### What you are asked to do
This exercise requires an exact output of the listing, images omitted.

### Available data
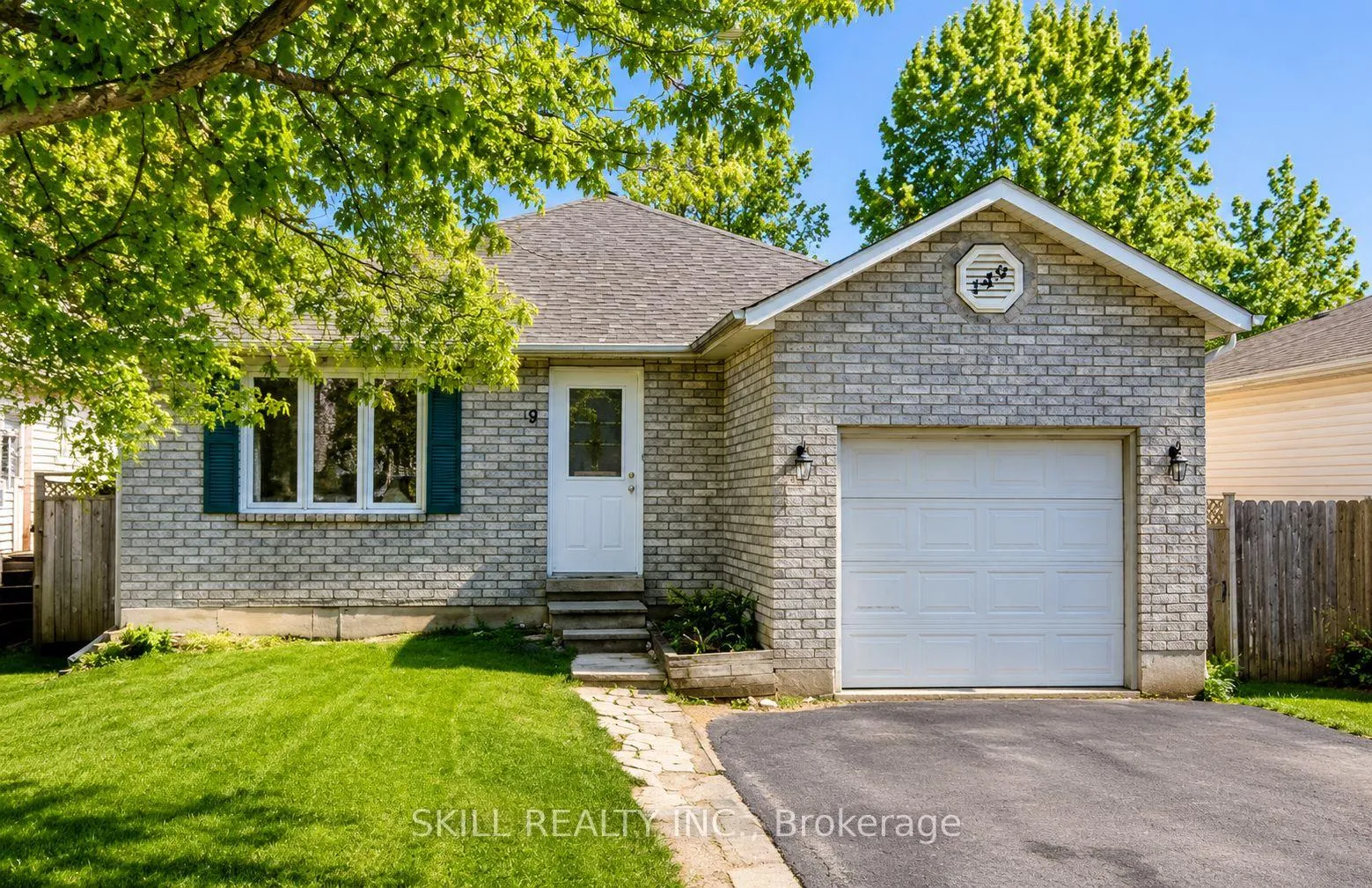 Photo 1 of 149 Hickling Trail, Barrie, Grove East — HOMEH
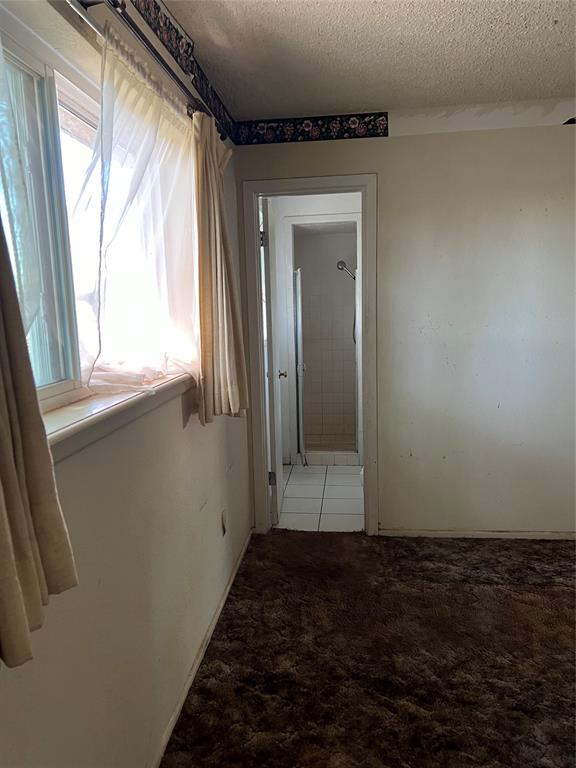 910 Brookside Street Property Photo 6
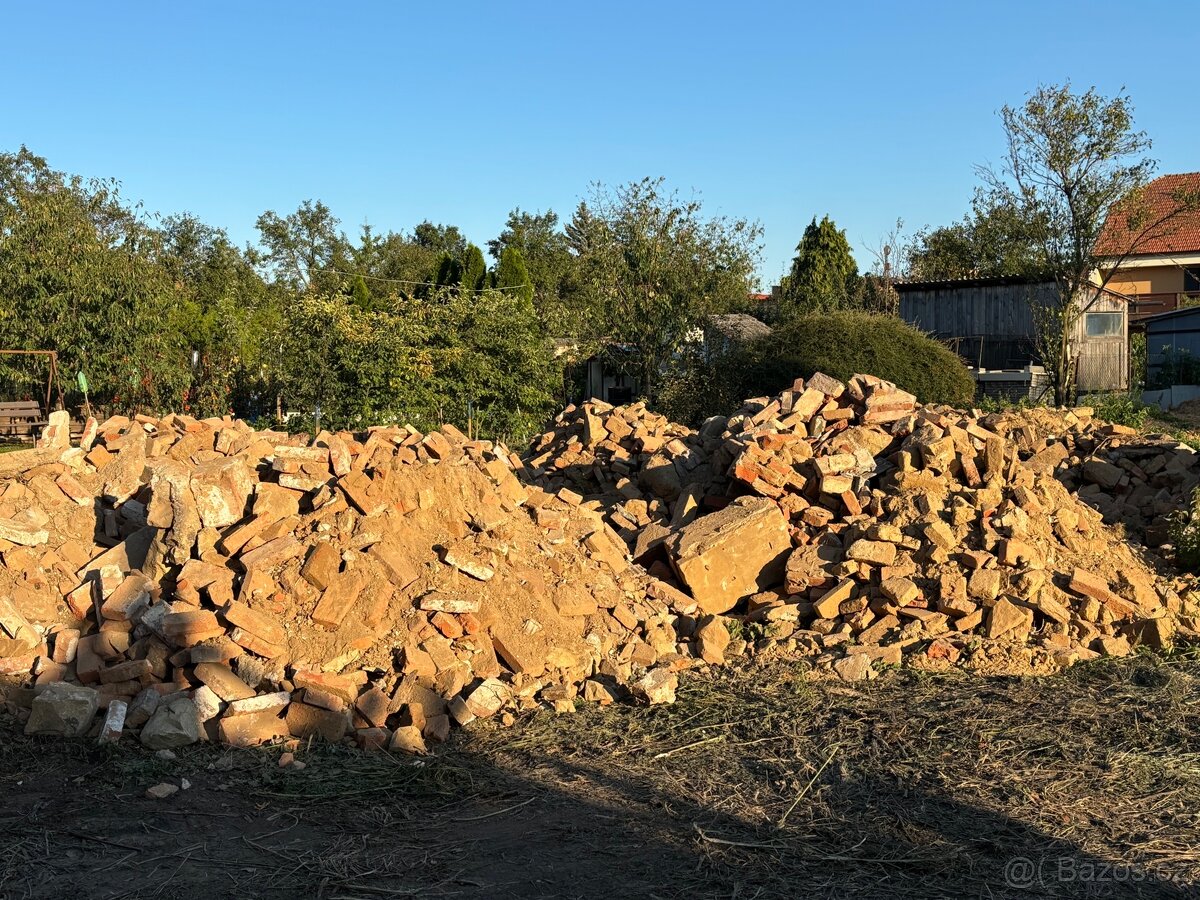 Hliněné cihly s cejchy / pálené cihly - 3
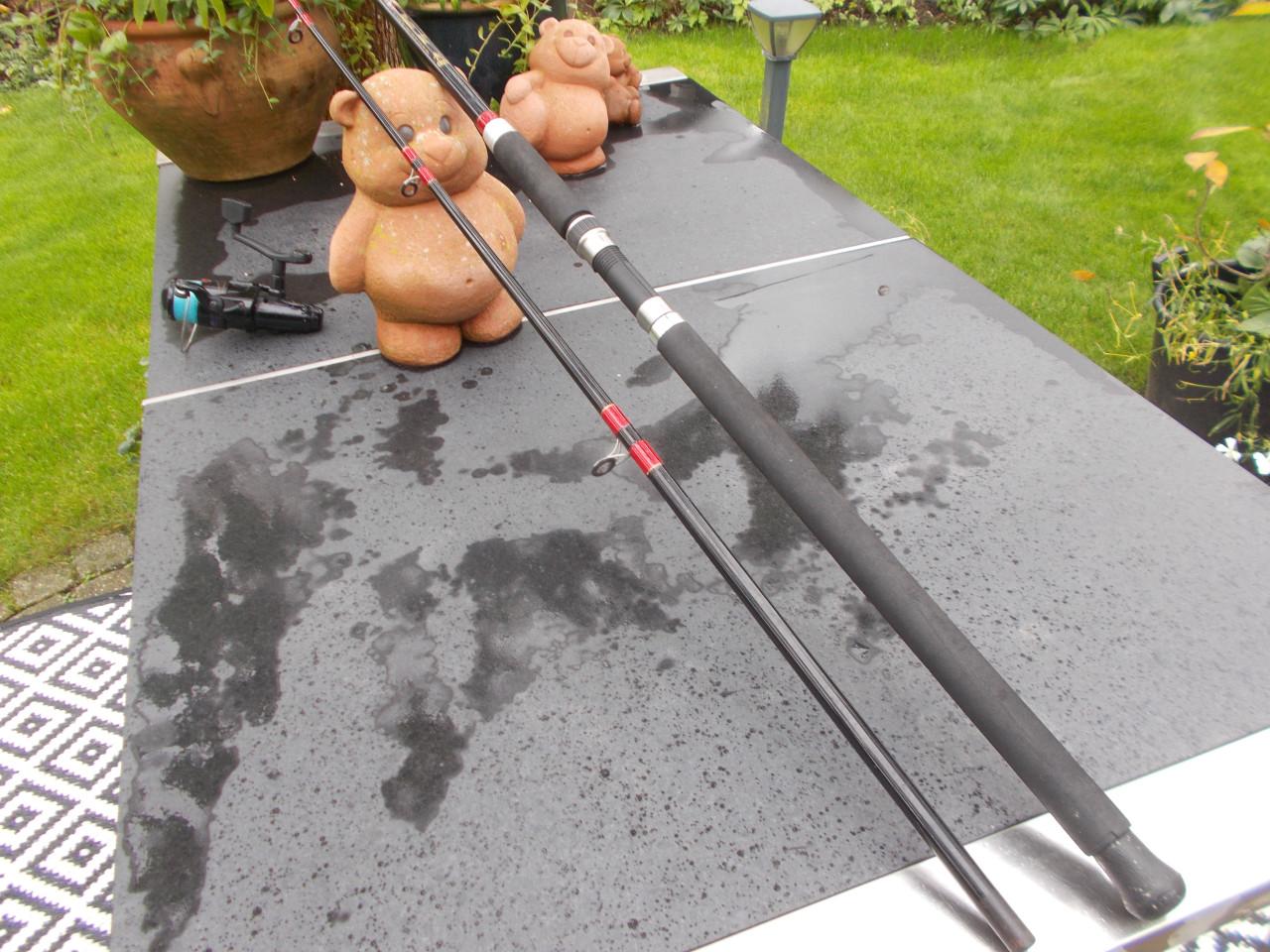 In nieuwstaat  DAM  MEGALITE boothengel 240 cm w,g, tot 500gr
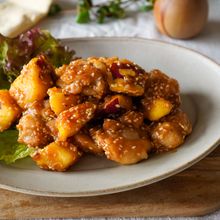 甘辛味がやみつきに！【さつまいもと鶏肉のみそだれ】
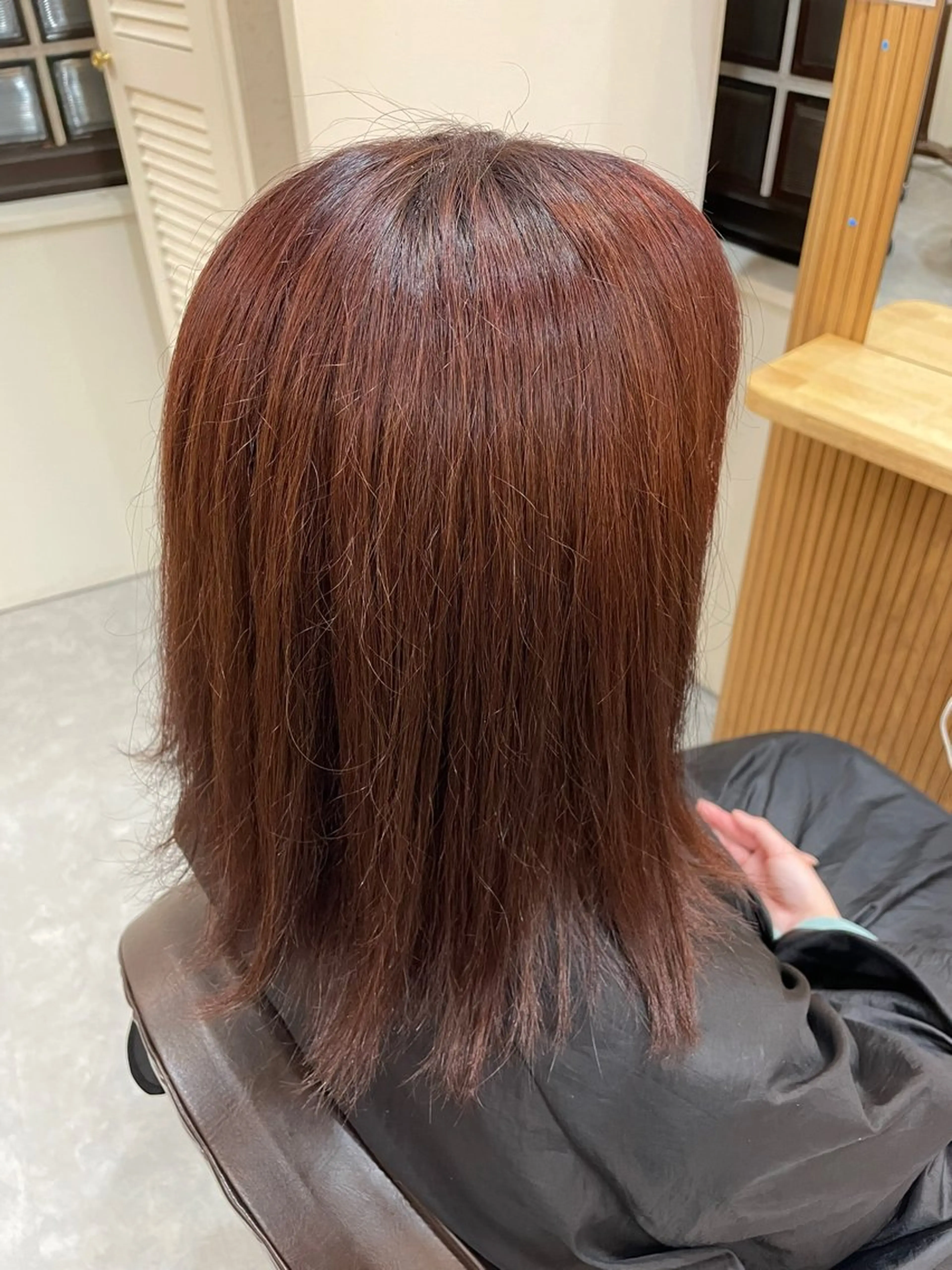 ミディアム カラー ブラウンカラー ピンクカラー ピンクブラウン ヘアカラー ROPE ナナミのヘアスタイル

### Output of the task
 Photo 1 of 149 Hickling Trail, Barrie, Grove East — HOMEH
 910 Brookside Street Property Photo 6
 Hliněné cihly s cejchy / pálené cihly - 3
 In nieuwstaat  DAM  MEGALITE boothengel 240 cm w,g, tot 500gr
 甘辛味がやみつきに！【さつまいもと鶏肉のみそだれ】
 ミディアム カラー ブラウンカラー ピンクカラー ピンクブラウン ヘアカラー ROPE ナナミのヘアスタイル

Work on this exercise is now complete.